Press Release
September 4, 2008

ERMITA'S CHAIRMANSHIP OF TECHNICAL GROUP
ON BASELINES BILL QUESTIONED

Minority Leader Aquilino Q. Pimentel, Jr. (PDP-Laban) today asked the Senate committee on foreign relations to reconsider the designation of Executive Secretary Eduardo Ermita as chairman of the technical working group of Congress that will consolidate the various bills delineating the country's archipelagic baselines filed with Congress.

Pimentel said that since the consolidation of bills into one substitute measure is essentially a legislative function, it is inappropriate for an official from the executive branch like Secretary Ermita to head the TWG concerned.

He supported the view of Sen. Antonio Trillanes IV that Ermita's chairmanship of the TWG undermines the independence of Congress and therefore he should be replaced to conform with the basic rule that the research, study and drafting of bills are undertaken under the jurisdiction and control of the Senate committee concerned.

"This is the basic question: Why should an executive official be allowed to handle the running of a technical working group of the committee that tackles the archipelagic baselines of the country?" the minority leader said.

Pimentel asked what factors were considered in choosing Ermita as head of the TWG aside from the fact that he is the chairman of the Commission on Maritime and Ocean Affairs under the Office of the President.

The TWG was formed to resolve the conflicting positions taken by Malacañang and some senators and congressmen in the treatment of the Kalayaan Islands and Scarborough Shoal, which are the subject of territorial dispute between the Philippines and China.
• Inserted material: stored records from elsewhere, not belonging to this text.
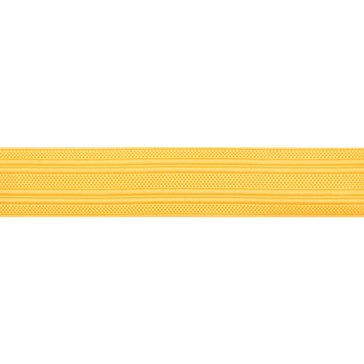 Army Women's Braid Trouser Gold WO-COL 1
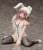 Chiaki Nanami: Bunny Ver. (PVC Figure) Item picture1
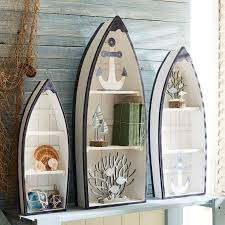We offer many styles and more to fit your needs. Decorate A Nautical Themed Home Archi Living Com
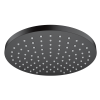 Douche de tête HANSGROHE Vernis Blend 200 EcoSmart | Batinea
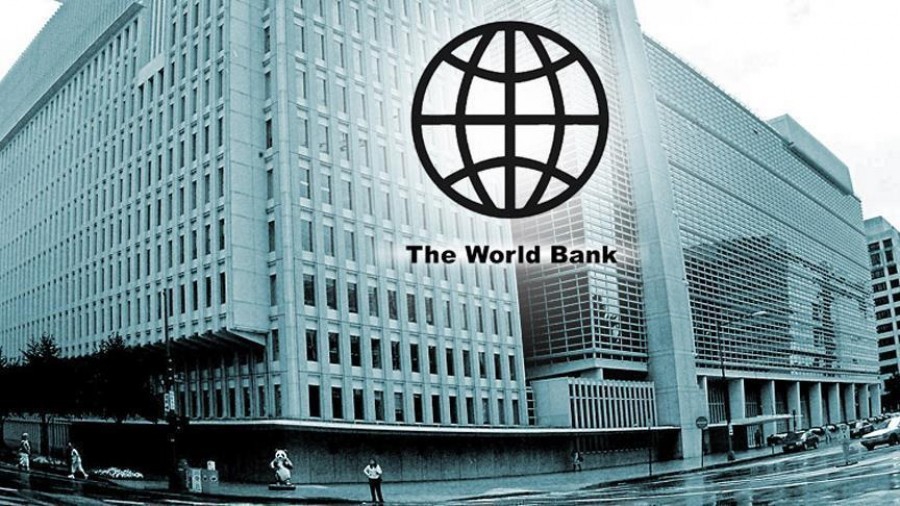 Παγκόσμια Τράπεζα: Κίνδυνος ακραίας φτώχειας για 150 εκατομμύρια ανθρώπους, λόγω κορωνοϊού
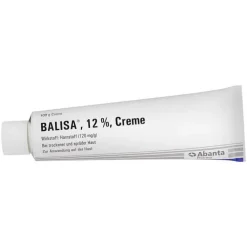 BALISA® Creme, 100 g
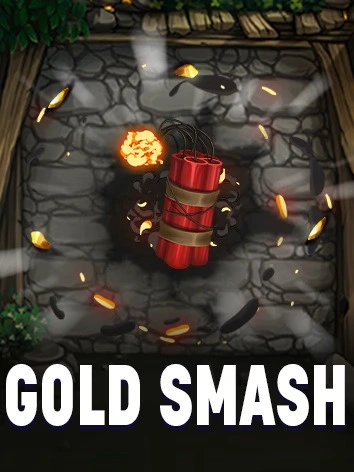 Gold Smash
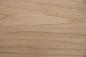 Preview: Eiche, europäische -Furnier (2,4mm) - 0,1m² (5Stk. x 19cm x 10cm)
The Kalayaan Islands are part of the Spratly Islands in the South China Sea which are also being claimed by Vietnam, Taiwan and Brunei.

The Palace insists on treating the Kalayaan Islands and Scarborough Shoal as a "regime of islands" that should not fall within the archipelagic baselines that will enclose all islands that form part of Philippine territory. This is in contrast to the stand taken by Pimentel, Trillanes and a group of congressmen led by Cebu Rep. Antonio Cuenco that Kalayaan Islands and Scarborough Shoal should fall within the baselines.

Sen. Miriam Defensor-Santiago, chairman of the Senate committee on foreign relations, had originally proposed the creation of a Congressional Commission on National Territory that will conduct authoritative research and study on the scope of the territory of the Philippines in accordance with the United Nations Conference on the Law of the Sea.

But the creation of the congressional commission was opposed by Pimentel on the ground that it would consume a lot of time and delay the passage of the Archipelagic Baselines Bill. Subsequently, Santiago decided to drop her proposal and to revert to the normal practice of a congressional committee holding public hearings and getting the views of experts and officials of state agencies concerned on the bills concerned.